DATA
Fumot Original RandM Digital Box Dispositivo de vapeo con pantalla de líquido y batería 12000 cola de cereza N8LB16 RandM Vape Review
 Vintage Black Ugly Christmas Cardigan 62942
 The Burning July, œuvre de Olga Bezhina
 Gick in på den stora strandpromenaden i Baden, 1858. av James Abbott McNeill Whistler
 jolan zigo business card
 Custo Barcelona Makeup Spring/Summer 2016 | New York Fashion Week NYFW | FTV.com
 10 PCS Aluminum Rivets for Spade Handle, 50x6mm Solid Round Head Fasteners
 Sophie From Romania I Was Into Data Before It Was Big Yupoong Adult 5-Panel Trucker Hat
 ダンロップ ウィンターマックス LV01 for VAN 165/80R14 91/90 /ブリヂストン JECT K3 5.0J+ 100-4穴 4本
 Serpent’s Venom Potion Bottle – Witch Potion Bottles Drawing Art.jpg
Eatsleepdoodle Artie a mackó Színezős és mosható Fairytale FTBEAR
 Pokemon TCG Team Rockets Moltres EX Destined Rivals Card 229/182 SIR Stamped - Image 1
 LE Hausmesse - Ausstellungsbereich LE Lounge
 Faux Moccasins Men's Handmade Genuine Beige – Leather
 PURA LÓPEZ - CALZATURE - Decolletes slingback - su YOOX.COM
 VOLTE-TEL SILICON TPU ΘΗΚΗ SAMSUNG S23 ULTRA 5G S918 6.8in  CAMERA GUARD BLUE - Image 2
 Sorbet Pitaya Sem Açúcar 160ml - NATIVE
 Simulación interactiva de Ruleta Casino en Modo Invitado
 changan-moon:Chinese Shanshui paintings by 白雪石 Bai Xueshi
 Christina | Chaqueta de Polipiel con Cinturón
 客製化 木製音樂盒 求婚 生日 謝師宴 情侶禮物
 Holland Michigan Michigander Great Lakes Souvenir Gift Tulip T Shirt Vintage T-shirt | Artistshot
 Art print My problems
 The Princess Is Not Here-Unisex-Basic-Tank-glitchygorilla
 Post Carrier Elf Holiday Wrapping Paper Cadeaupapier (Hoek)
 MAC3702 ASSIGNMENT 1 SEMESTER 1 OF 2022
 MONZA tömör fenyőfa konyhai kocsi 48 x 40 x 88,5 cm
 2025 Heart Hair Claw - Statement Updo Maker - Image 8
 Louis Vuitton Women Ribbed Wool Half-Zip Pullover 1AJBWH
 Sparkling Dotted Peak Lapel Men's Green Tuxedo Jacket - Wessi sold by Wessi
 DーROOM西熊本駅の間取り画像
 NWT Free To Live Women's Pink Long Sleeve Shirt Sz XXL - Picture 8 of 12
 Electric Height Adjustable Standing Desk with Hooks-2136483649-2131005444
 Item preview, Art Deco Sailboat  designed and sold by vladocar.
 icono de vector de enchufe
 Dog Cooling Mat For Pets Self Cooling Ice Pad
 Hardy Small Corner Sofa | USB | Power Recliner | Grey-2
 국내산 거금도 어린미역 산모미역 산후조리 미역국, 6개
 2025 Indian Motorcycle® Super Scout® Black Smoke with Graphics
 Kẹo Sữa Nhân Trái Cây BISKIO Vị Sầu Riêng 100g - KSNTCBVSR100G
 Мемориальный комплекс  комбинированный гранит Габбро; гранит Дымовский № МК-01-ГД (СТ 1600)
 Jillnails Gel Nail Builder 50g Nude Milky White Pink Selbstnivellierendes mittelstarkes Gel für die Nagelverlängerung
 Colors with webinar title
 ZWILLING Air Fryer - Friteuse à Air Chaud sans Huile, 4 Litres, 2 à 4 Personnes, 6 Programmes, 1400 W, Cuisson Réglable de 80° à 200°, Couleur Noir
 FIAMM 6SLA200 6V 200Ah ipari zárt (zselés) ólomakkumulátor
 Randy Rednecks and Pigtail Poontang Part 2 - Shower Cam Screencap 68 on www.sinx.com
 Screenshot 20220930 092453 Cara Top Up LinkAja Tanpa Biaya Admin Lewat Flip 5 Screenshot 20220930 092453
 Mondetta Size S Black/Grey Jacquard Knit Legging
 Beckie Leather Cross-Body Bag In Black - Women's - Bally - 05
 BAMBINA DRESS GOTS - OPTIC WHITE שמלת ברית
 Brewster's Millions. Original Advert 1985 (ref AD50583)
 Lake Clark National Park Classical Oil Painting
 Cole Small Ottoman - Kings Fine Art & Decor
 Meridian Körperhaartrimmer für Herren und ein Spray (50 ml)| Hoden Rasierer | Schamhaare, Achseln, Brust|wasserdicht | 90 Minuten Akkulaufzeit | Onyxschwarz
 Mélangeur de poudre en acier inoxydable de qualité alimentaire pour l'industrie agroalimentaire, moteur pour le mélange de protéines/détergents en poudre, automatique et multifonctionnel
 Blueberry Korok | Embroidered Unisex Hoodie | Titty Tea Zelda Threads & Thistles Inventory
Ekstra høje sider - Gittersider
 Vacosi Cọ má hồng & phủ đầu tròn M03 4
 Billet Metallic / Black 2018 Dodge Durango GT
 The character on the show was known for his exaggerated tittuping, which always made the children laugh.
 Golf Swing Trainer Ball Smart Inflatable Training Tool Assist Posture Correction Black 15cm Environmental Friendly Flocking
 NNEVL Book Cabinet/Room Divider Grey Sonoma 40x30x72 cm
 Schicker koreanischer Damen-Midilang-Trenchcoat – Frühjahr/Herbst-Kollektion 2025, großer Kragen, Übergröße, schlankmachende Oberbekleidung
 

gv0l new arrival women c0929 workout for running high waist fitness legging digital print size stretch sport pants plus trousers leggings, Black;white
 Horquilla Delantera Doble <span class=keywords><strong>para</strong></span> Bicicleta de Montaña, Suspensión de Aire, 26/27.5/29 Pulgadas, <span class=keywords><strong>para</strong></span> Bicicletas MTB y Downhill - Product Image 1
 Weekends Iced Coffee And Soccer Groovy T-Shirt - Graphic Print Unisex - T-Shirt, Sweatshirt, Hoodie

PROBLEM
Exactly repeat the lines running from the top of the listing to the line bearing "Faux Moccasins Men's", both of those lines included, and only them.

OUTPUT FOR THIS TASK
Fumot Original RandM Digital Box Dispositivo de vapeo con pantalla de líquido y batería 12000 cola de cereza N8LB16 RandM Vape Review
 Vintage Black Ugly Christmas Cardigan 62942
 The Burning July, œuvre de Olga Bezhina
 Gick in på den stora strandpromenaden i Baden, 1858. av James Abbott McNeill Whistler
 jolan zigo business card
 Custo Barcelona Makeup Spring/Summer 2016 | New York Fashion Week NYFW | FTV.com
 10 PCS Aluminum Rivets for Spade Handle, 50x6mm Solid Round Head Fasteners
 Sophie From Romania I Was Into Data Before It Was Big Yupoong Adult 5-Panel Trucker Hat
 ダンロップ ウィンターマックス LV01 for VAN 165/80R14 91/90 /ブリヂストン JECT K3 5.0J+ 100-4穴 4本
 Serpent’s Venom Potion Bottle – Witch Potion Bottles Drawing Art.jpg
Eatsleepdoodle Artie a mackó Színezős és mosható Fairytale FTBEAR
 Pokemon TCG Team Rockets Moltres EX Destined Rivals Card 229/182 SIR Stamped - Image 1
 LE Hausmesse - Ausstellungsbereich LE Lounge
 Faux Moccasins Men's Handmade Genuine Beige – Leather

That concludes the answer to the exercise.